And this advice is worth it's weight in gold.   Unless you understand every word in this paragraph, you are in for a big shock when Julio falls off the roof, and you get one call, and that's all.



> Make sure you require all subs to have Work Comp, General Liability and vehicle insurance(we had a car hit on a job 2 weeks ago).
> Make sure you have a contract with each sub and make sure you are listed as an additional insured on their certificate of insurance.
> If I was building one house I would make sure that I paid for the materials separate with any turnkey subs.
> Use purchase orders so you have a paper trail of what is ordered. As an example. window orders are notorious for wrong sizes, wrong grill patterns and wrong colors(vinyl windows).

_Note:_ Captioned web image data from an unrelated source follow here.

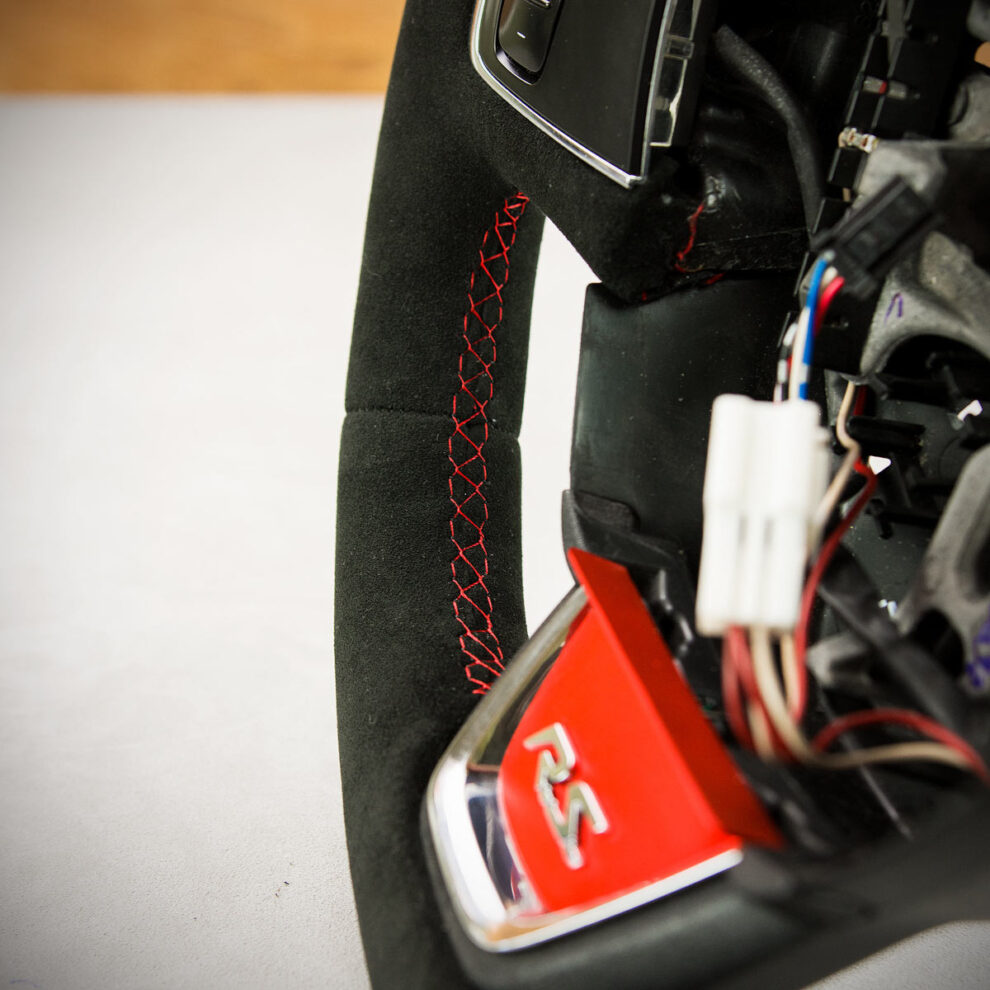 Obszycie kierownicy Renault Clio IV RS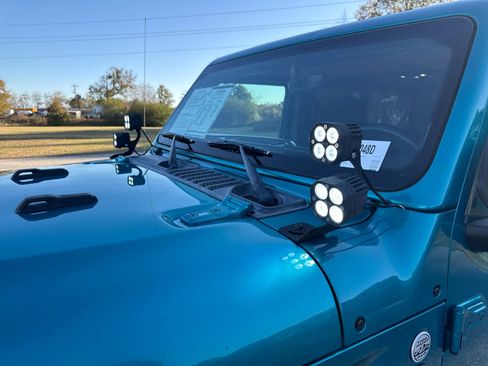 Used 2020 Jeep Wrangler Unlimited Sahara w/ Uconnect 4C Nav & Sound Group image 12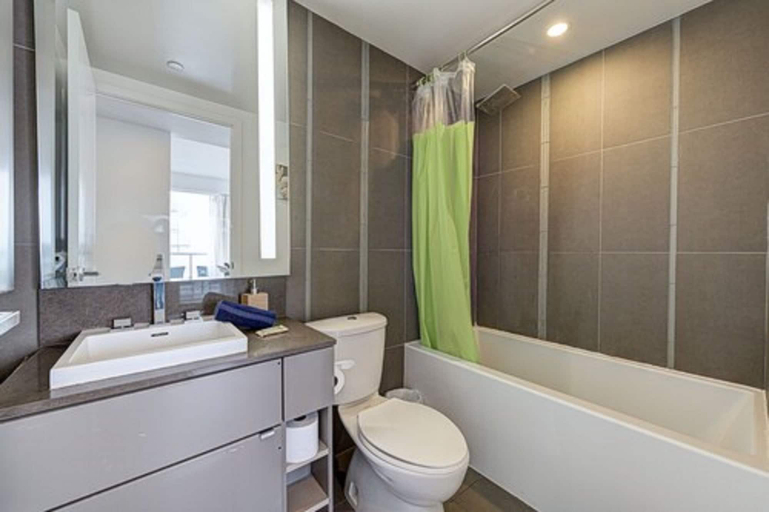 Bathroom 4, Velvet Stays – Entertainment District, Toronto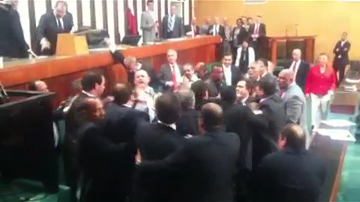 Imagem Guerra na Alba: durante votação para vaga no TCE, deputados saem na mão. Assista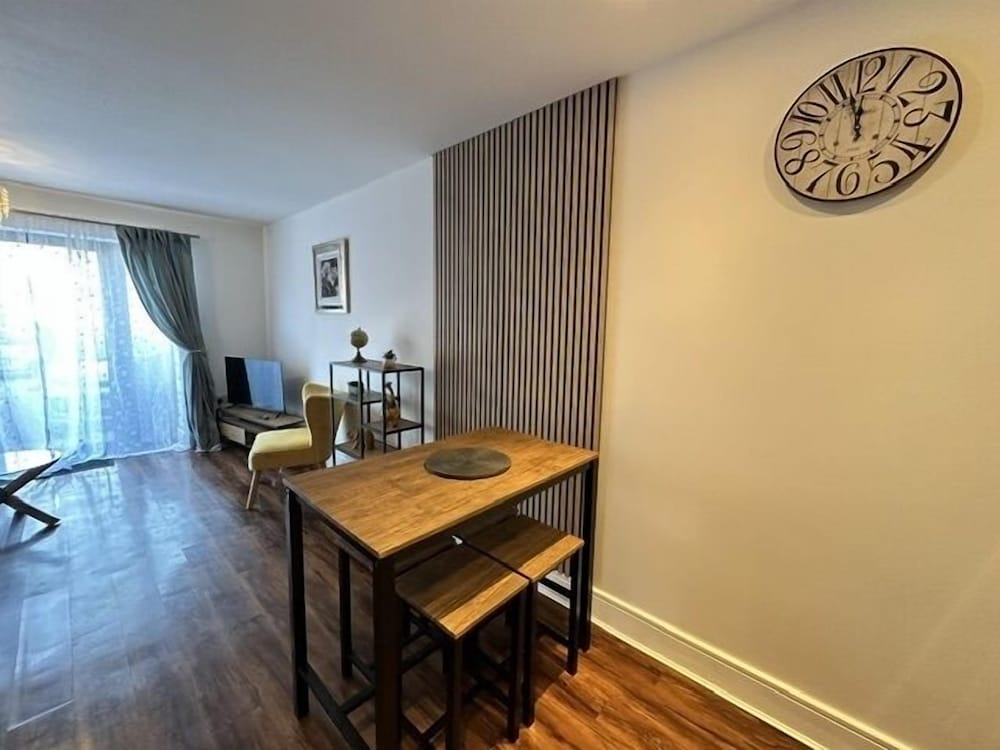 Grand Central Apartments 8/50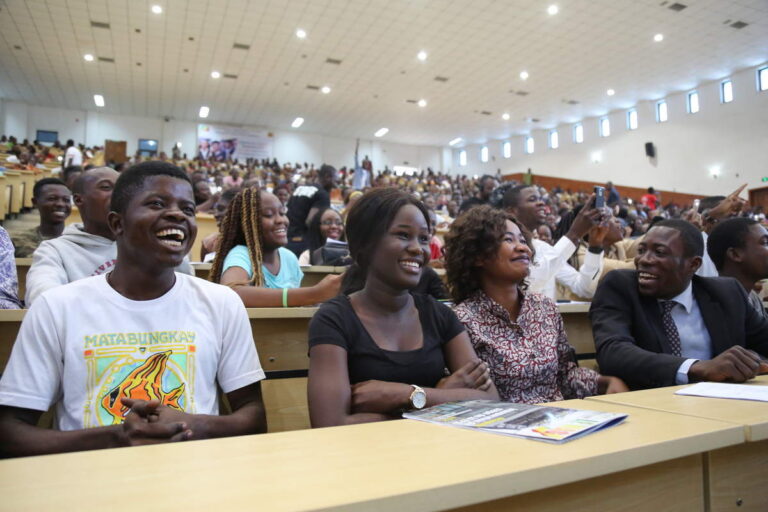 POURQUOI LES JEUNES CONGOLAIS BOUDENT LEUR PROPRE PAYS ?
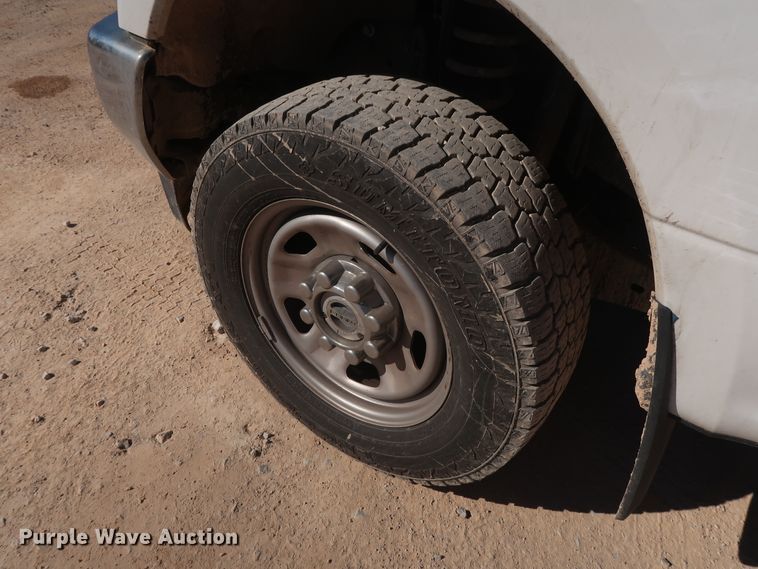 image for item GS9754 2017 Ford F350 Super Duty XL utility bed pickup truck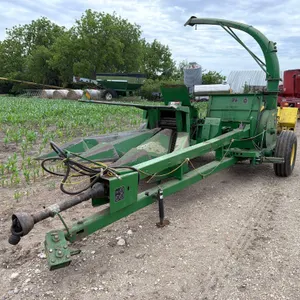 John Deere 3970 Chopper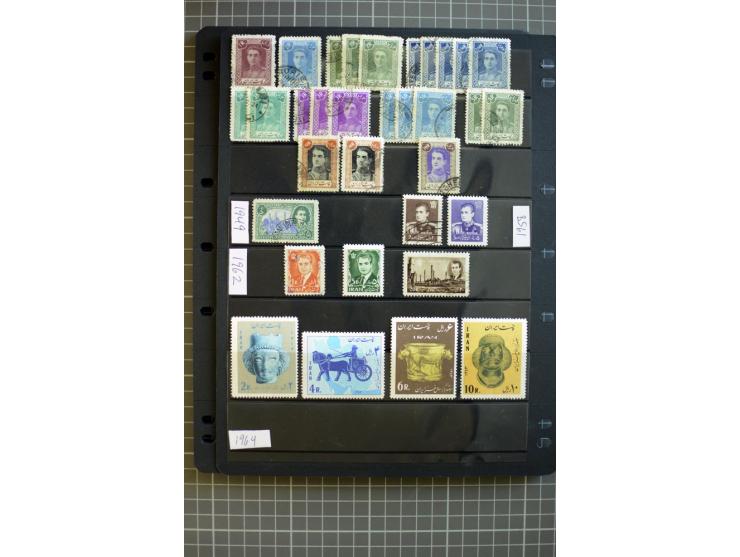 MIDDLE EAST: 1936/80, mainly mounted and unmounted mint collection with many better stamps like Agencies in Eastern Arabia SG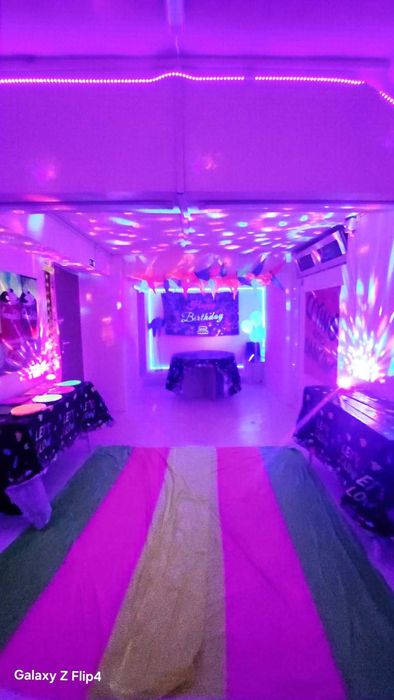 SIX SEVEN - Glow Party Disco, Karaoke & Cinema - Sala para festas de aniversário Campo de Ourique
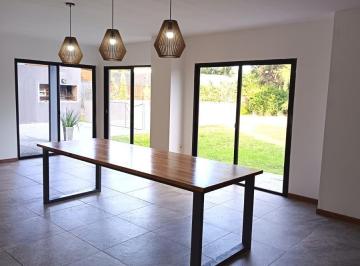 Casa · 260m² · 6 Ambientes · 2 Cocheras · Vendo Casa de 4 Dorm. y 2 Baños en Punta Pinares El Pinar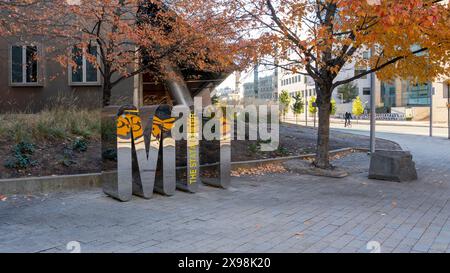 Metal MIT (Massachusetts Institute of Technology) sign in front of Stata Center on the campus in Cambridge, MA, USA, on November 11, 2023. Stock Photo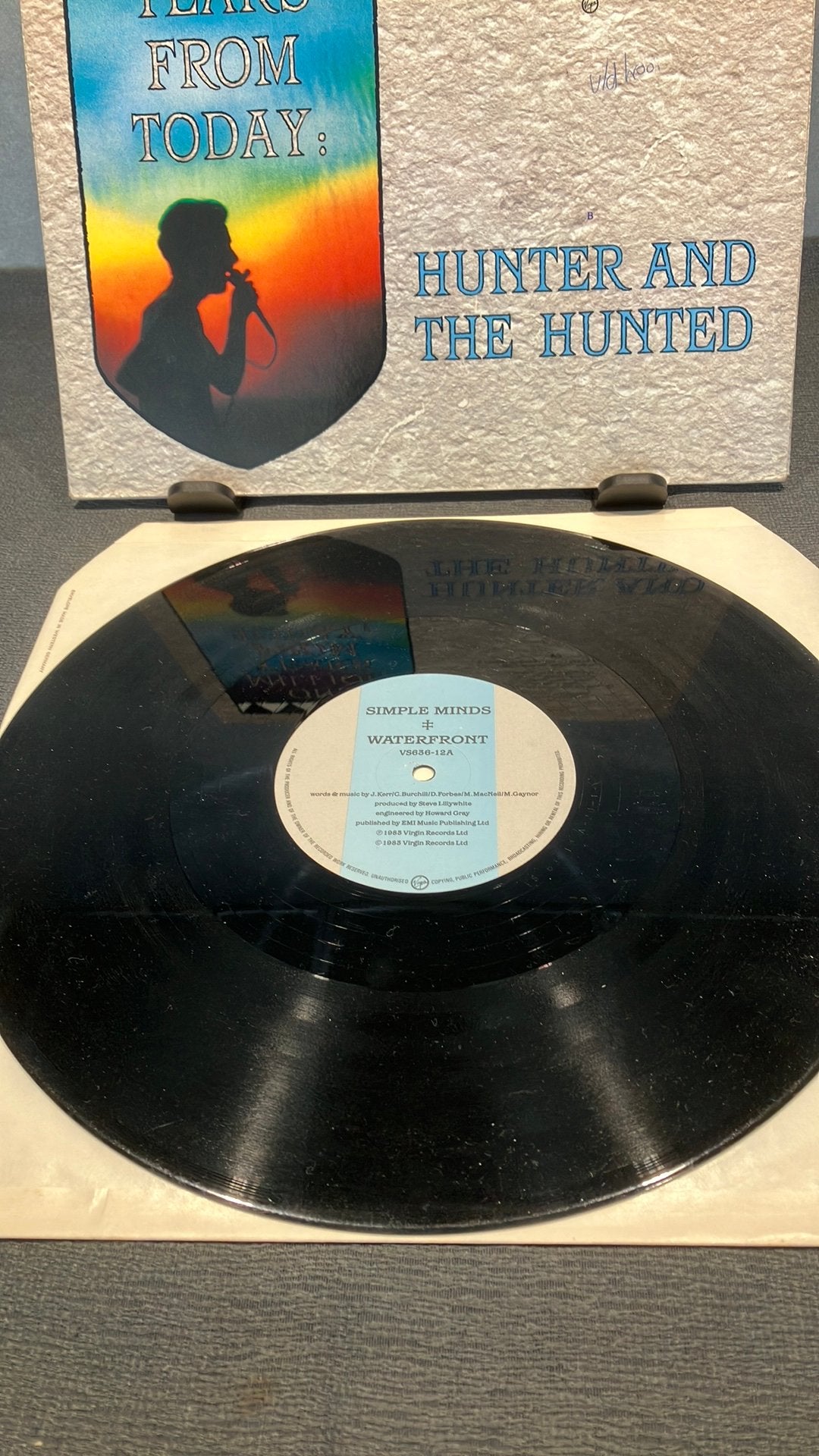 Simple Minds —. Waterfront, Gebruikt, Ophalen of Verzenden, Inclusief binnenhoes, EP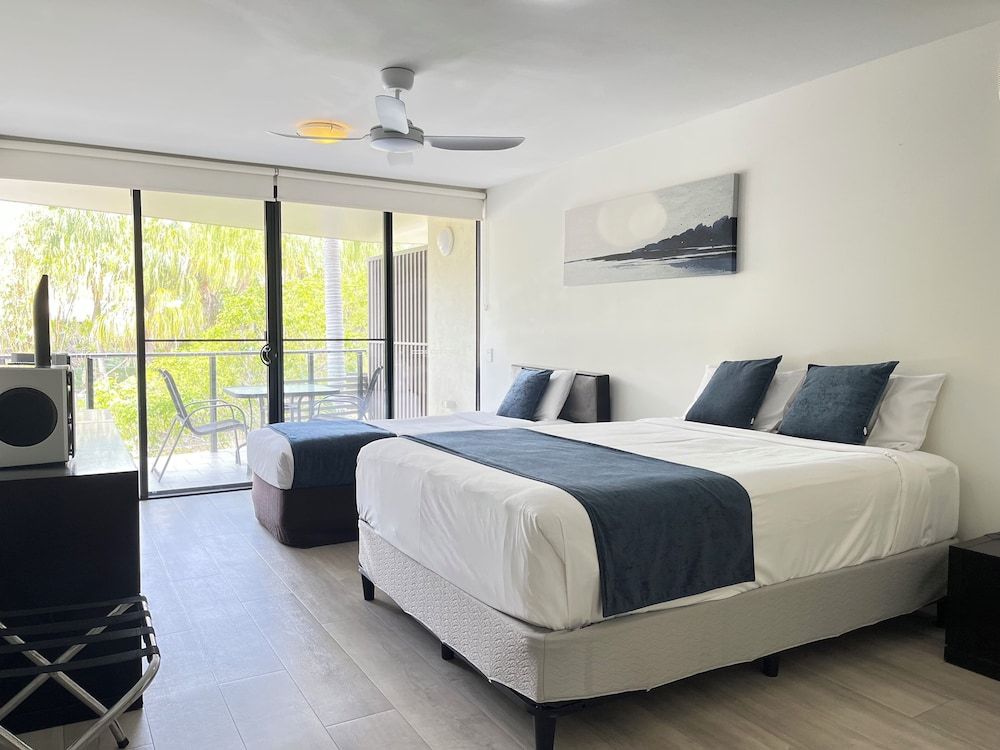 Standard 2 Bedroom Apartment - Kitchen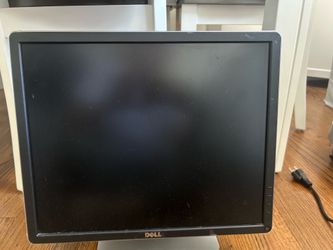 Dell 15–16” Square LCD Monitor – Classic Compact Display, Fully Functional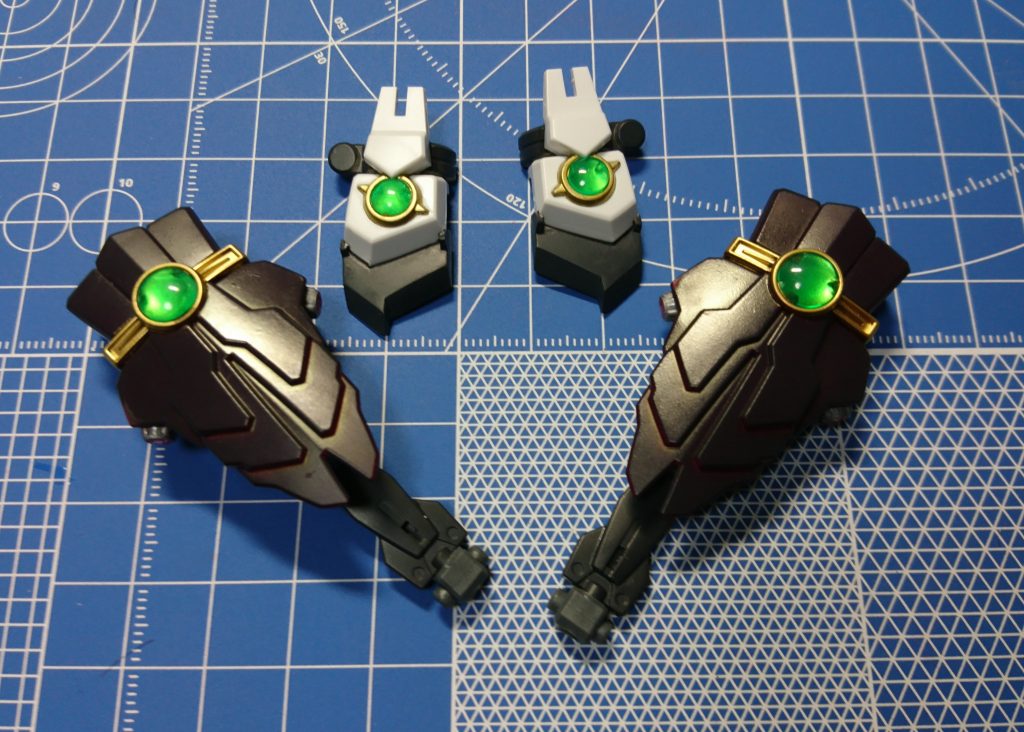 [肩アーマー部]
装甲部はファントムグレーとゴールドで塗り分けました。
サブアームはレッド→ファントムグレーとエアブラシ重ね塗り。暗めの紫になりました。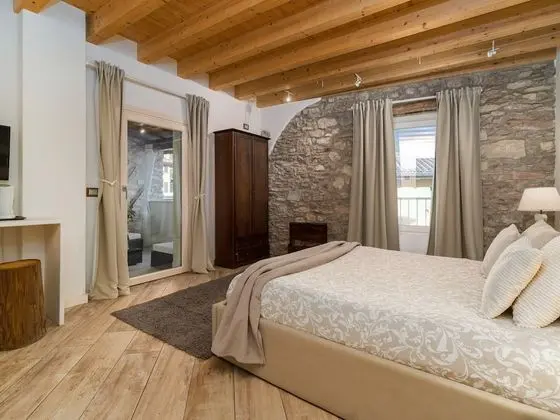 Tek Büyük Yataklı Oda (Le Bore)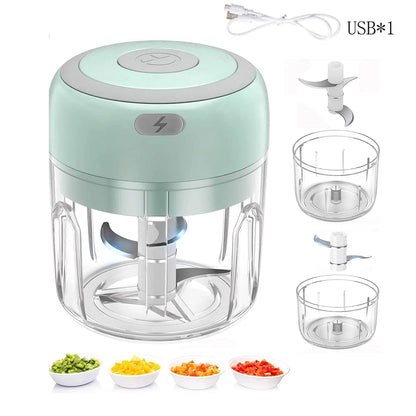 Mini hachoir électrique blanc rechargeable par USB avec ses lames en acier inoxydable et son bol transparent.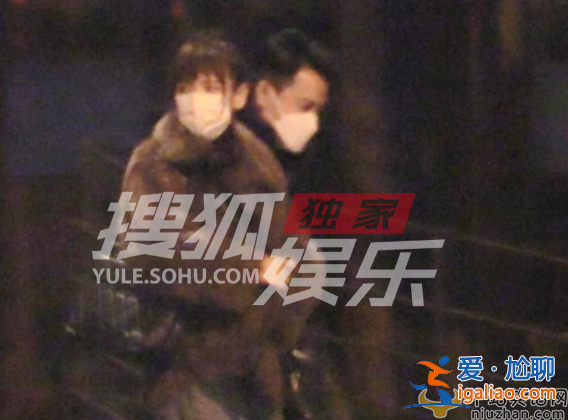 刘恺威李晓峰好事将近?外出聚餐女方全程捂小腹 网友疑问怀孕了吗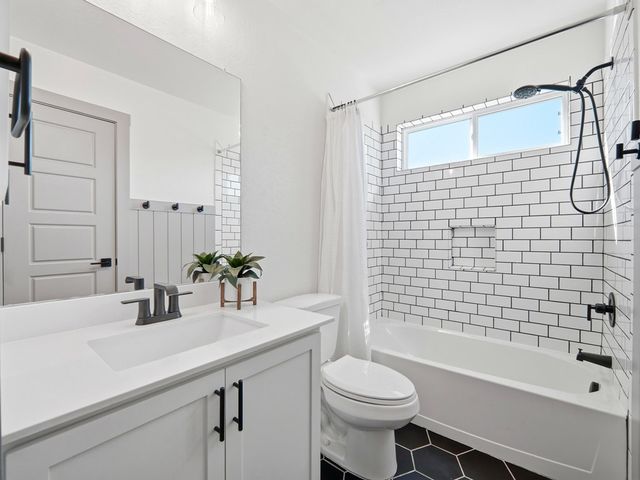 101 Jerry Gray, Blanco, TX 78606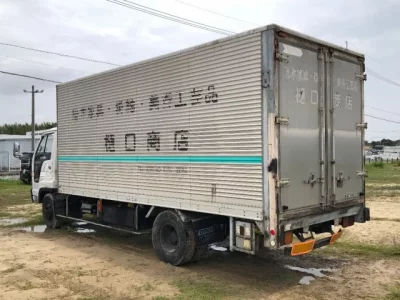 Isuzu JUSTON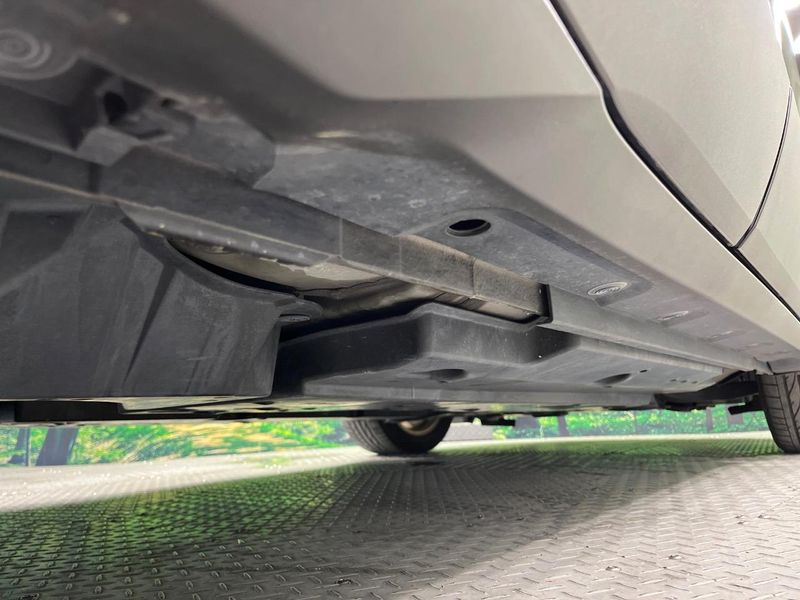 2018 Toyota C-HR DAA-ZYX10 (UW-6a85208022da1)[6]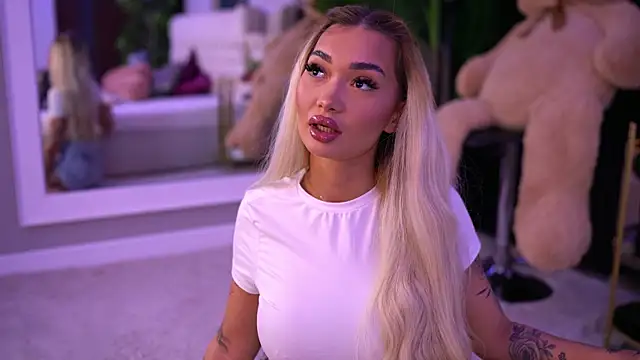 Snapshot of SashaFerrera chatting on 09.19.25 SashaFerrera online show from 09.19.25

You wouldn't believe how much trouble is caused by allegedly unauthorized changes or upgrades.  Very expensive trouble.

Plus you have to know how to clear liens (or prevent them from being attached) or you are going to have a mess.


----------



## Hooty Hoot (Dec 31, 2014)

jiminbogart said:


> If you are not a builder and you are going to build the home yourself you need to find a local builder you can trust to give you advice.
> 
> Unless you are in the business you will find it a challenge to get subcontractors to do the work at a fair price.
> 
> ...



Yep! And have all selections made prior to construction. Remember................the longer your home is under construction, the more interest you will be paying on your construction loan. Cost plus 10% for a reputable builder is money well spent.


----------



## OmenHonkey (Dec 31, 2014)

Thanks again for all the replies.  I am a maintenance supervisor and have wired and plumbed and totally remodeled the house I own now.  My fiance and her family were/are contractors.  Her dad still is licensed and he will be the GC. She , I and her brothers will be the Labor.And she works at a hardware store so hopefully we can purchase most things at cost. I'm about to dig and pour the footings, block the foundation, install septic, run line from well and pay cash out of pocket for it all. Should save a chunk without the loan at this point. I will start the construction loan after all of this is completed.


----------



## sinclair1 (Dec 31, 2014)

OmenHonkey said:


> Thanks again for all the replies.  I am a maintenance supervisor and have wired and plumbed and totally remodeled the house I own now.  My fiance and her family were/are contractors.  Her dad still is licensed and he will be the GC. She , I and her brothers will be the Labor.And she works at a hardware store so hopefully we can purchase most things at cost. I'm about to dig and pour the footings, block the foundation, install septic, run line from well and pay cash out of pocket for it all. Should save a chunk without the loan at this point. I will start the construction loan after all of this is completed.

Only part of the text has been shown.